About 100 people gathered at CFM Thursday morning for the official launch of the new Marine Additive Manufacturing Centre of Excellence (MAMCE) – the first centre of its kind to combine research, commercialization, as well as workforce development, and training in 3D metal manufacturing.
The new $1-million 3D printer – the GE Concept Laser M2 – was the star attraction. Businesses will now have access to experts in 3D metal printing and to a commercial 3D printer to provide stronger, cheaper and faster metal parts. The centre will also be an incubator for new commercial development.
“This the first facility in Canada to use [a printer of this kind] to manufacture and certify custom parts for the marine industry,” said Mohsen Mohammadi, a professor of mechanical engineering at University of New Brunswick (UNB) and the director of MAMCE. “Our doors are now open for research, projects and solutions to problems.”
This centre is a collaborative initiative that involves industry and education partners. UNB is MAMCE’s research and development partner. CFM, a J.D. Irving Limited (JDI) company, is the commercialization partner. The community colleges in New Brunswick and Nova Scotia are the workforce development and training partners.
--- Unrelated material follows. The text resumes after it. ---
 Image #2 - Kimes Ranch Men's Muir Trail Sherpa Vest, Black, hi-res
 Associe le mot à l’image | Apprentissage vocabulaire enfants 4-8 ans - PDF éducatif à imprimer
“Growth in innovation here at home leads to jobs and prosperity across the region,” said David Saucy, vice-president of the construction and equipment division of JDI. “The set-up of MAMCE is unique and different from all the manufacturing centres of excellence – the first 3D printer located … in a commercial workspace.”
“This unique setting will allow researchers, students from the community colleges, as well as our business development leads, to interact in a common and collaborative work environment.”
Saucy says custom fabricators and machinists have a “proud history” in the province’s shipbuilding and marine industry, and this will afford them the opportunity to be part of the workforce of the future.
“We are confident that additive manufacturing is a game-changing technology that will be a disruptive force in the manufacturing sector for years to come,” he said. “We look forward to working closely with UNB and the community colleges in New Brunswick and Nova Scotia to provide a hands-on for the next generation of workers in the advanced manufacturing industry.”
Laura Richard, director of research at the New Brunswick Innovation Foundation (NBIF) says the centre could also benefit startups and other small companies in the province.
“We’re particularly excited about the potential for local companies to benefit from this centre,” she said. “A significant part of our foundation’s work is focused on startups and small companies across the province. As such, we all too aware of the challenges they face competing in a global environment that’s in the midst of an advanced manufacturing revolution.”
“The capability that this centre offers is to network with academics and researchers, prototype on 3D printers, learn fast and thus evolve is a game-changer for these companies.”